Go Back   Rhinocerus > Newsgroup > Newsgroup comp.lang.java.* > Newsgroup comp.lang.java.programmer

Reply
 
Thread Tools Display Modes
  #1 (permalink)  
Old 02-10-2010, 10:28 AM
Michael Powe
Guest
 
Posts: n/a
Default Best Way to Process Large Text Files

Hello,

I am tasked with writing an application to process some large text
files, i.e. > 1 GB. The input will be csv and the output will be in the
format of an IIS web server log.

I've done this sort of thing before. In the past, I've just
brute-forced it, with a BufferedReader and BufferedWriter handling the
input/output line by line.

I have a little time to complete this project and I'd like to build
something more efficient, that won't peg the CPU for an hour.

My thought was to have a read thread and a write thread and create a
buffer into which some amount of input would be written; and then, when
a threshold was reached, the data would be written out.

Is this a good idea? Are there better ways to manage this?

And finally, I need pointers as to how I would create such a buffer.
The threaded read/write part I can do.

Thanks for any help.

mp

--
Michael Powe michael@trollope.org Naugatuck CT USA
Re graphics: A picture is worth 10K words -- but only those to describe
the picture. Hardly any sets of 10K words can be adequately described
with pictures.
Reply With Quote
Alt Today
Advertising
 
and become member of Rhinocerus
Standard Sponsored Links

  #2 (permalink)  
Old 02-10-2010, 11:42 AM
rossum
Guest
 
Posts: n/a
Default Re: Best Way to Process Large Text Files

On Wed, 10 Feb 2010 06:28:14 -0500, Michael Powe
<michael+gnus@trollope.org> wrote:

>Hello,
>
>I am tasked with writing an application to process some large text
>files, i.e. > 1 GB. The input will be csv and the output will be in the
>format of an IIS web server log.
>
>I've done this sort of thing before. In the past, I've just
>brute-forced it, with a BufferedReader and BufferedWriter handling the
>input/output line by line.
>
>I have a little time to complete this project and I'd like to build
>something more efficient, that won't peg the CPU for an hour.
>
>My thought was to have a read thread and a write thread and create a
>buffer into which some amount of input would be written; and then, when
>a threshold was reached, the data would be written out.
>
>Is this a good idea? Are there better ways to manage this?
>
>And finally, I need pointers as to how I would create such a buffer.
>The threaded read/write part I can do.
>
>Thanks for any help.
>
>mp

If the innput is a CSV file then the logical unit is presumably a
record, either as a line of text or (partly) processed.

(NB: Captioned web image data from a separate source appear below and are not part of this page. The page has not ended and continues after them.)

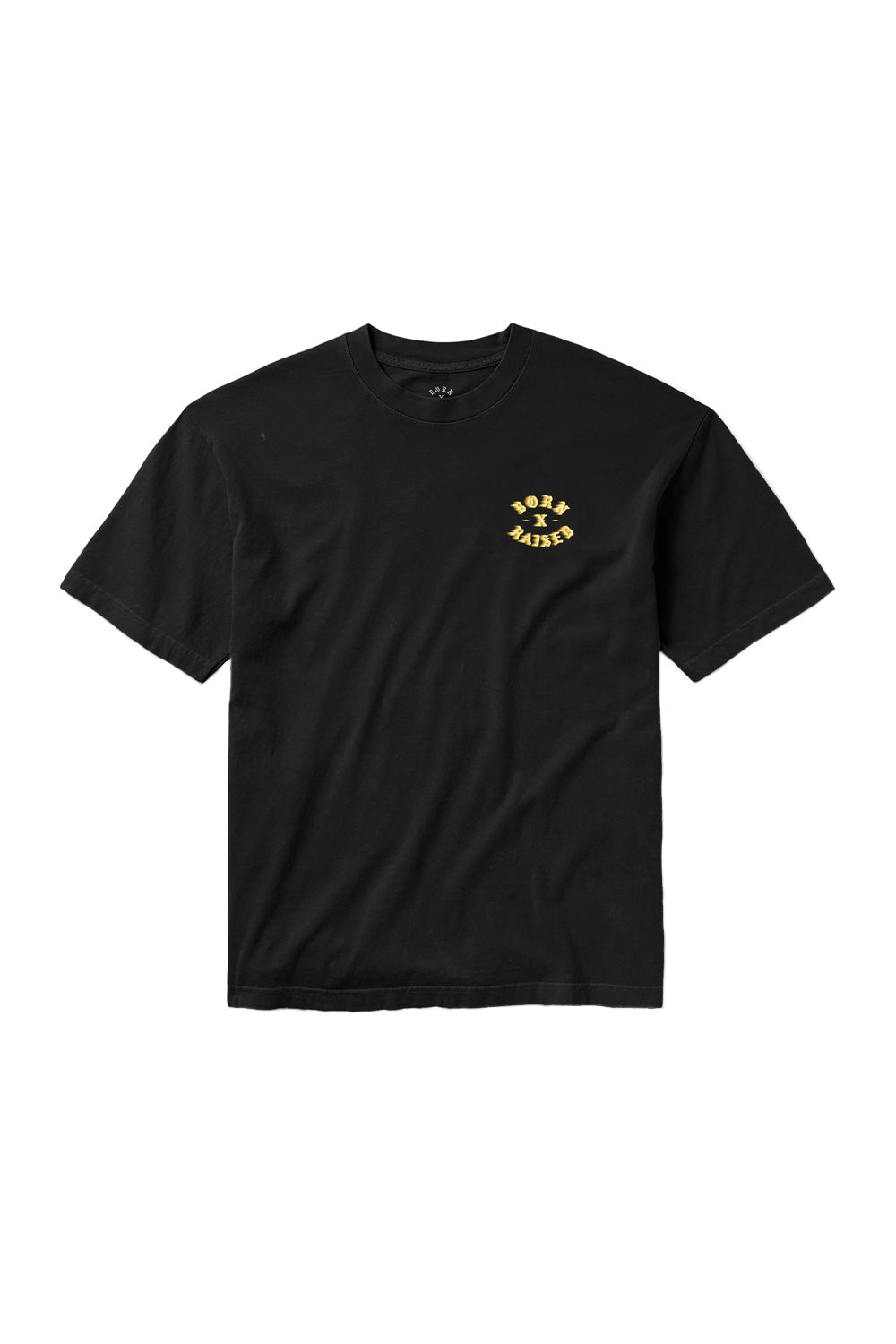 Front view of the black 100% cotton Born X Raised Speed Rocker T-shirt with a small yellow motion-blur brand logo printed on the left chest.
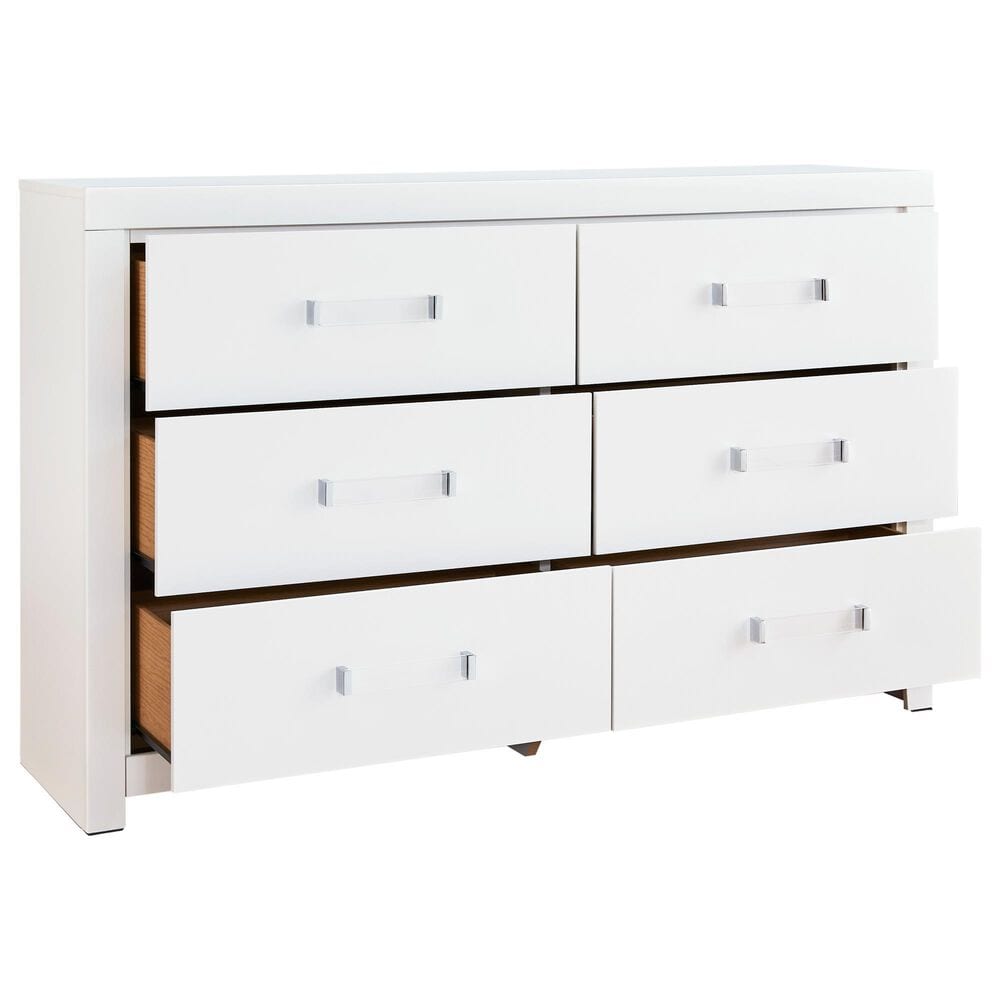 Ashley Maeling King Panel Bed with Dresser and Nightstand in Matte White, , large
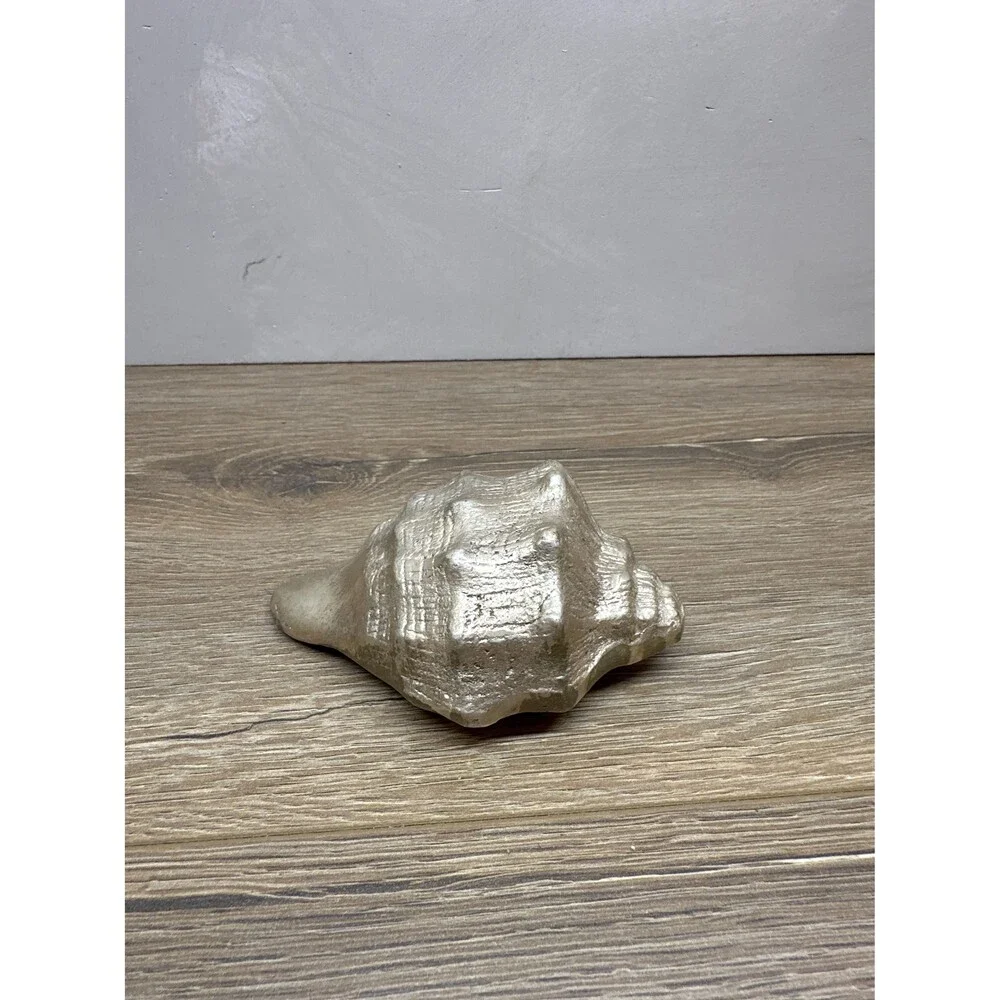 Vintage Solid Brass Small Conch Shell Paperweight, Nautical Ocean Desk Decor, 3.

Create a queue. The read process adds records to the queue. The
write process pulls records off the queue.

rossum

Reply With Quote
  #3 (permalink)  
Old 02-10-2010, 05:48 PM
Tom Anderson
Guest
 
Posts: n/a
Default Re: Best Way to Process Large Text Files

On Wed, 10 Feb 2010, Michael Powe wrote:

> My thought was to have a read thread and a write thread and create a
> buffer into which some amount of input would be written; and then, when
> a threshold was reached, the data would be written out.
>
> Is this a good idea?


I'm slightly skeptical. If the processing is simple, then most of the time
will be spend doing IO even with a simple implementation. Adding threads
to overlap IO and processing might not be a big win. You could try writing
a sequential version of the program (with sufficiently large buffers - a
few megabytes, maybe?), then measuring how fast it runs - if the total
input and output data rate is close to your storage subsystem's capacity,
then no amount of programming cleverness will make it much faster.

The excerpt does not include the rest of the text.